USDA’s Animal Plant Health Inspection Service has deregulated Roundup Ready sugar beets.

The agency completed an environmental impact statement, which superseded controls it had issued under a partial deregulation. This shifts technology into non-regulated status, meaning the agency sees it as safe.

Commercial beet farmers still must identify and remove bolters, and comply with glyphosate application frequency and rate rules.

There are 25,000 acres of sugar beets in California, all grown in Imperial Valley.

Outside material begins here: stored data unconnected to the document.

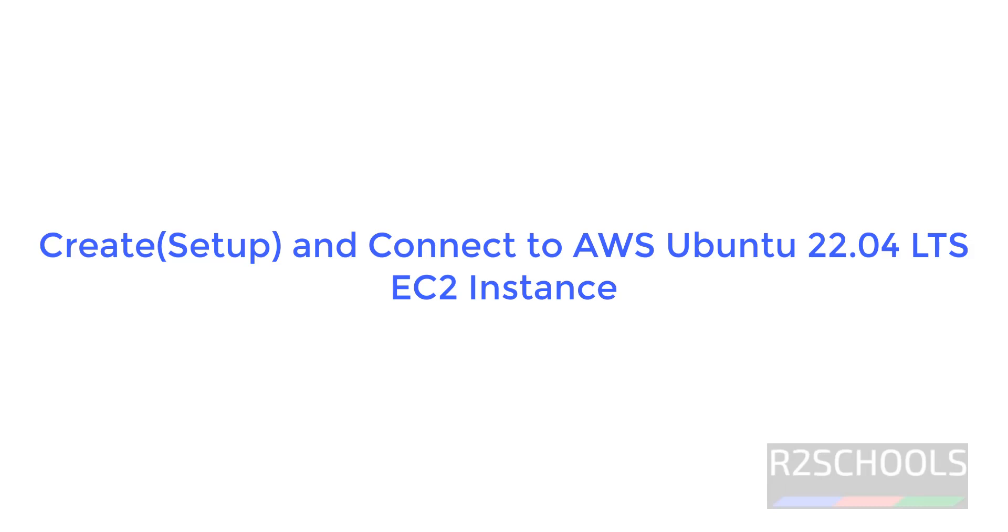Hello guys, in this video we will see how to create, configure and connect to Ubuntu 22.04 LTS EC2 instance in AWS.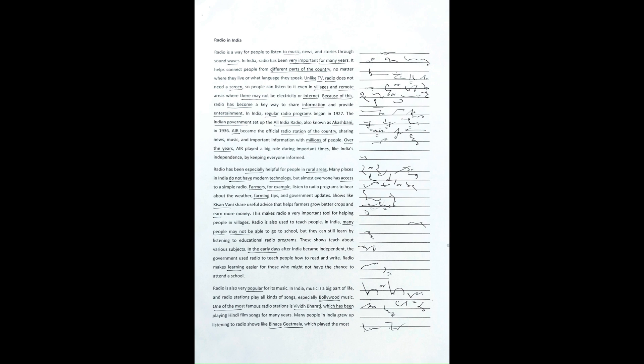In India, regular radio programs began in 1927. The Indian government set up the All India Radio, also known as Akashbani, in 1936.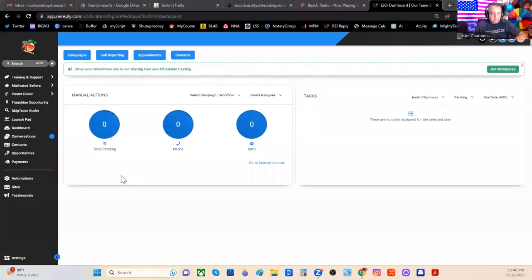I want to take a few minutes and show you what I do in REI Reply every day or whatever platform you're using that's like REI Reply. And let me share screens here and just jump right in. Here's REI Reply.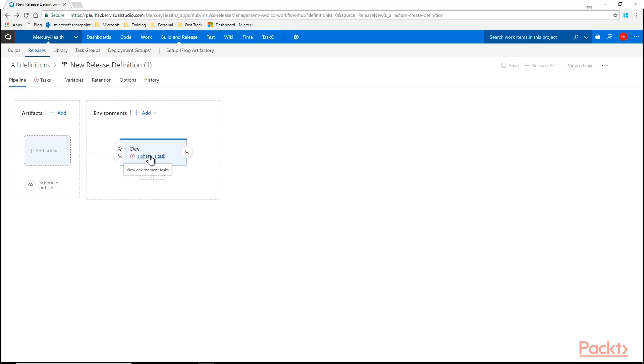So for now though, this is pretty straightforward. This is how we're going to go about creating a release definition. Just very simple. Go in, pick a template, create your definition, name your environment. It's that simple and that gets us started.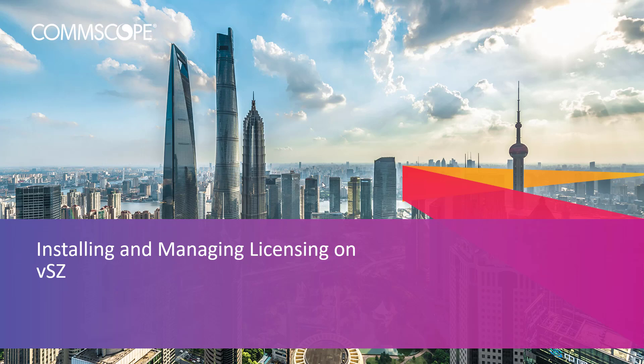Welcome back to the How-To Series. Today, we are covering licensing for Virtual SmartZone. In the description box below, we've included great resources to assist you, including links to our How-To Hub. Be sure to check it out often as we are always updating the content.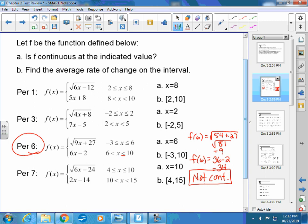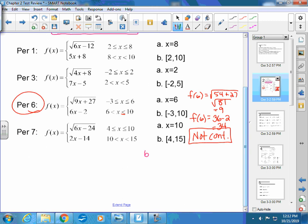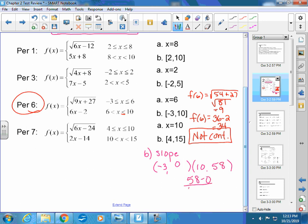Part B asks for the average rate of change, which means slope — so you need two points. The two x-values given are −3 and 10. Plugging −3 into the first piece gives √(−27+27) = 0. Plugging 10 into the second piece gives 60 − 2 = 58. So the slope is (58 − 0) / (10 − (−3)) = 58/13, which does not reduce.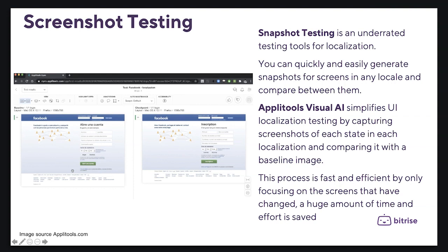You can quickly and easily generate snapshots for screens in any locale and compare between them. Apple Tools Visual AI simplifies UI localization testing by capturing screenshots of each state in each localization and comparing it with a baseline image. This process is fast and efficient, focusing only on screens that have changed.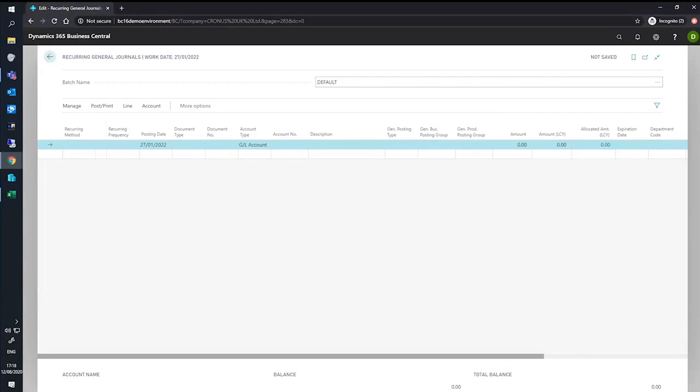We use allocations in Business Central to distribute the amount on a recurring journal line to multiple GL accounts and dimensions. This operates in a similar way to balancing accounts.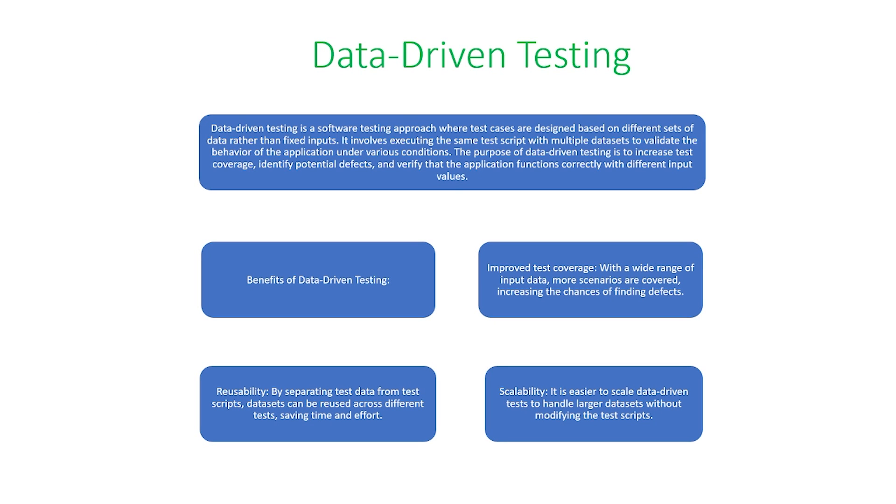In today's video, we're going to talk about data-driven testing. So first, let me talk about this background information a little bit more through some slides.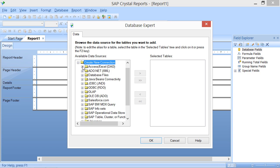If you click the small plus sign next to the Access Excel DAO folder within the Create New Connection section of the Database Expert dialog box, you will be presented with the Access Excel DAO dialog box.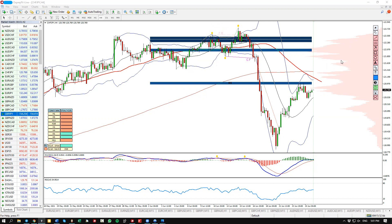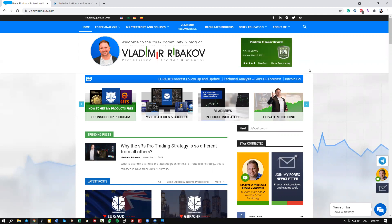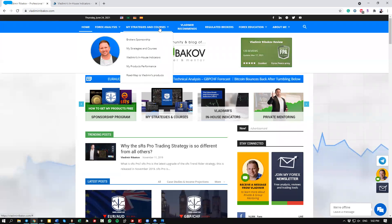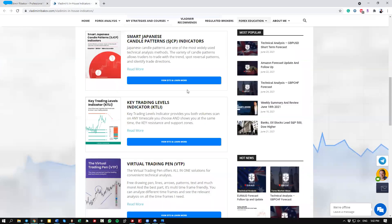If you're not familiar with these indicators, I'd like to present a recent project I'm very proud of. I'm talking about our own marketplace of in-house indicators, found inside my blog at vladimirabekov.com. Go to the tab 'More Strategies and Courses' then 'In-House Indicators.' You can also find this link below in the description or in the pinned comment. Here you'll find these indicators and several more, including the Virtual Trading Pen, which I'll also be using in this video.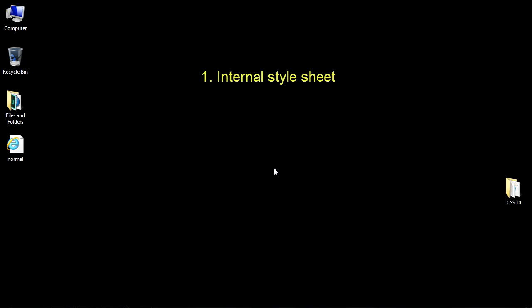The first way is an internal style sheet. The second way is to use an external style sheet, and the third way is inline, which we'll get to in later videos.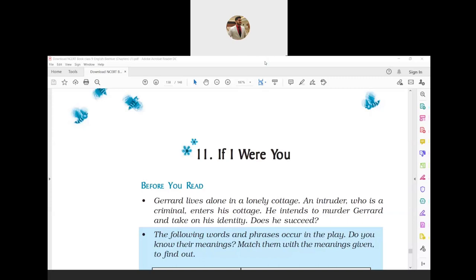Hello friends, welcome to Sanket Group of Coaching and welcome to my YouTube channel. I am Sanket Purohit. Today we are going to see your chapter number 11 from English Beehive book, 'If I Were You.'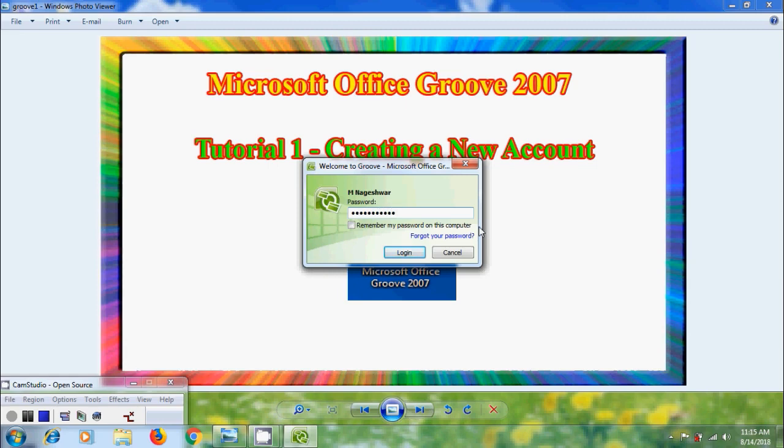But make sure that while creating your password, password must be the combination of alphabeticals, numerals and special characters. And if you want to stop asking the password next time check in this box remember my password on this computer. And click on login.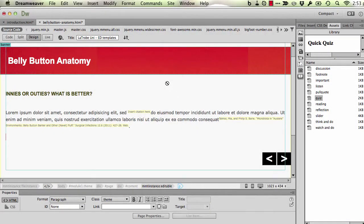So let me show you now how to insert one of those quick quizzes for your students into your page content.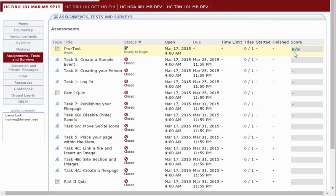And the Grade column shows the total points earned and possibly a link to view the results. Your instructor will determine when and if feedback is returned to you.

Roundup Ready beets are genetically altered to make them resistant to the herbicide glyphosate. Glyphosate significantly simplifies weed control for many crops on which it is used, particularly beets, because it kills both broad-leaf and grassy weeds and has low persistence in the soil. Farmers have been planting Roundup Ready beets since 2008, amidst persistent legal challenges from environmental groups. One of the latest challenges, in 2009, led to a district court ruling APHIS had not fully studied the issue before approving the technology and needed to complete the environmental impact study.  However, by then almost all the seed beets available were Roundup Ready.

While beets are no longer subject to compliance agreements with APHIS, for legal reasons, growers must retain records they created while the APHIS study was under way, which includes 2011 and 2012 crops.

While no longer under the APHIS agreement, the co-ops are reminding growers they still must comply with grower use agreements that the individual farmers have signed with Monsanto. The co-ops have their rules to ensure bolters are removed and destroyed. Monsanto requires individual growers monitor, remove and destroy any bolter beets. Other conditions required by APHIS are still required in Monsanto’s Technology Stewardship Agreement and its Technology Use Guide.